◆ Your goal ◆
Pull every line that includes the word "Photo" out of the data below and copy it.
>>>>
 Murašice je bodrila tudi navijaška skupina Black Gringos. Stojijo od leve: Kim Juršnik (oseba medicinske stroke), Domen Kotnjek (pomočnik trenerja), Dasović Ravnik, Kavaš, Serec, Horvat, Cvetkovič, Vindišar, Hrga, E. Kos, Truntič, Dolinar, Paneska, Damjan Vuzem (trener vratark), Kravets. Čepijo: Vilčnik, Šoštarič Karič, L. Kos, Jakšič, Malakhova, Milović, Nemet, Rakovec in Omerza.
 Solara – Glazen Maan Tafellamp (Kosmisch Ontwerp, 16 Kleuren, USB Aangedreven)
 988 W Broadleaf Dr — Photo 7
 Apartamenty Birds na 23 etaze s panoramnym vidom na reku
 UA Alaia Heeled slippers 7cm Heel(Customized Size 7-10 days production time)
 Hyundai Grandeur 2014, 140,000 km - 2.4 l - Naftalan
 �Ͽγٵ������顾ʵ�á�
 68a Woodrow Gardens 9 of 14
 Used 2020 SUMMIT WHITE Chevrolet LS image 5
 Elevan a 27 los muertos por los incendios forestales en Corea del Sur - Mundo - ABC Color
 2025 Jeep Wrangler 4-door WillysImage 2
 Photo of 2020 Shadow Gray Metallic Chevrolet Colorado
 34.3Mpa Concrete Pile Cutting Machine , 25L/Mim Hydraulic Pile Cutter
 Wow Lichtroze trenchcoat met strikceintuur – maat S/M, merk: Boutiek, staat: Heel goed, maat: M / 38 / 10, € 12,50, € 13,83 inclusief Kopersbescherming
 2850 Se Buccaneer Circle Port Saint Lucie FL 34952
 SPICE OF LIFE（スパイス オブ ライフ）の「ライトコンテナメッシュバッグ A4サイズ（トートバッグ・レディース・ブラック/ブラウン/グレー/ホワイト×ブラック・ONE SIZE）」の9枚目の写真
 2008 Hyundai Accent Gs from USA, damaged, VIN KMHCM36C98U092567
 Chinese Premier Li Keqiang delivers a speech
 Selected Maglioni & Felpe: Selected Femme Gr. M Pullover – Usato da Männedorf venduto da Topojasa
<<<<
◆ Finished exercise ◆
 988 W Broadleaf Dr — Photo 7
 Photo of 2020 Shadow Gray Metallic Chevrolet Colorado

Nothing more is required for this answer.